Beem Explores Africa
Africa / Discovery and exploration
Lagos, Nigeria: Kachifo and Worldreader / Amazon Digital Services
ISBN 978 978 079 993 9
Beem is a young Nigerian girl who goes on a journey to explore the beauty and diversity of Africa. She meets people and animals, marvels at natural wonders, and visits historical sites all over the African continent. The book introduces children to the physical and human geography of Africa in an enjoyable, easy-to-grasp and beautifully illustrated way. It nurtures a love for nature and tolerance of inter-cultural differences. Follow Beem on an exciting adventure to learn about the wonders of the continent.
In this easy-to-read, fact-filled book, a young girl from Jos, Nigeria, takes readers on a tour of her continent.
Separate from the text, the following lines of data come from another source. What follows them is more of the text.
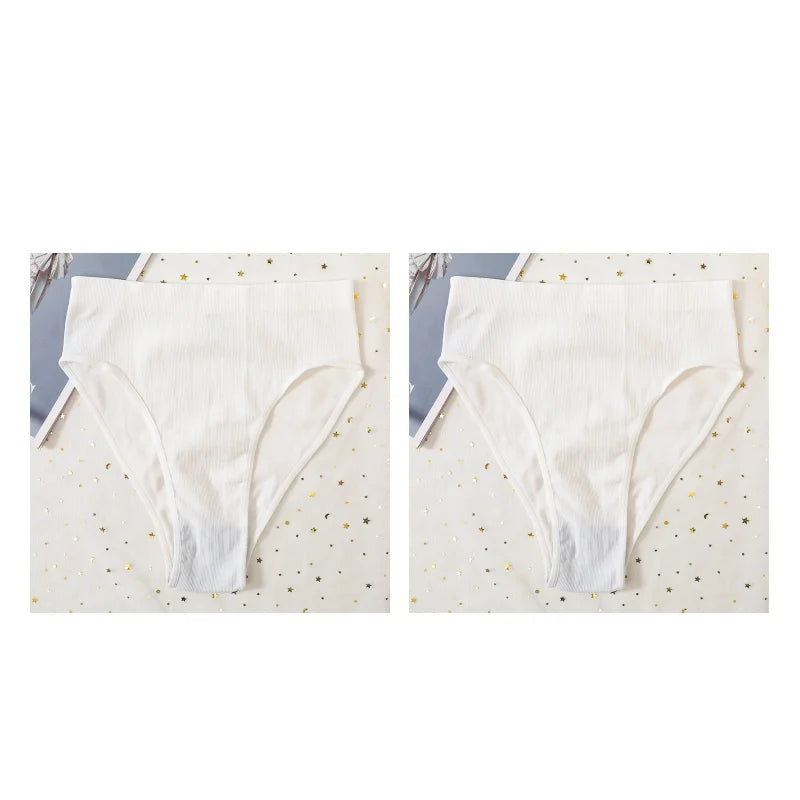 2Pcs/Set Seamless Panties High Waist Briefs Women High Leg Cut Panties Female Underpants Sexy Lingerie Solid Color Underwear S-L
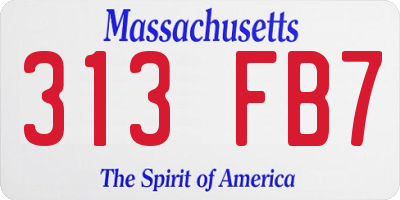 MA license plate 313FB7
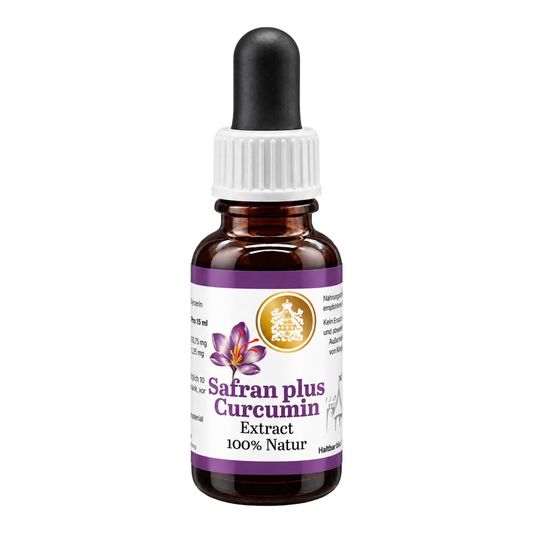 Safran-Extrakt mit Curcumin von Graf von Kronenberg, 15 ml, in einer Braunglasflasche mit dunkler Flüssigkeit, schwarzem Pipettenbalg und weißem Schraubverschluss. Violettes Etikett mit Safranblüte und goldenem Wappen.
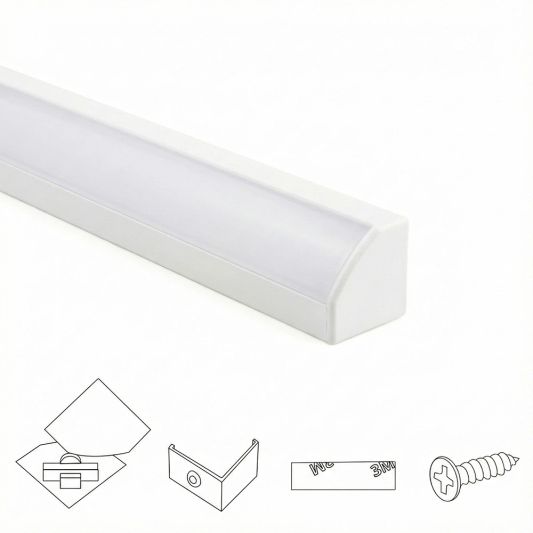 Ledstrip hoekprofiel wit - Slim line - compleet inclusief afdekkap 1,5 meter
The focus is on places and geographical features. After introducing the continent, Beem — our guide — begins with a bit of information about states and cities in Nigeria and hones in on plateaus, the most prominent geographical feature in her place in Nigeria, the Plateau State. We see an illustration of Beem, in casual clothes and a backpack, surveying a peaceful rock-filled landscape. The book continues in this fashion, with Beem introducing a place, highlighting a natural or human-made feature (e.g. pyramids in Egypt) and describing what she is doing, “I am standing so close to a pyramid now that I can see it is made of big flat stones.” Occasionally, Beem asks readers a question. ”Do you have ruins in your country?” she queries when introducing ruins in Great Zimbabwe. When pondering problems in the rainforest she poses a challenge. “Can you find out the ways we can make the rainforest and animals safe?” Animals are not the central topic of discussion in this book, they are appropriately integrated when discussing a geographical feature. Thus we learn about gorillas in the rainforest, camels in the desert and zebras in the savannah.
Curiously, only three ethnic groups are mentioned, Berbers, Tuaregs, and Maasai and the diversity of lifestyles led by members of these groups are overlooked. This is a small flaw in an otherwise outstanding introduction to the African continent. The illustrations are appropriate and colorful. Students reading the electronic version of the book should be instructed to scroll forward to see the images referenced in the text.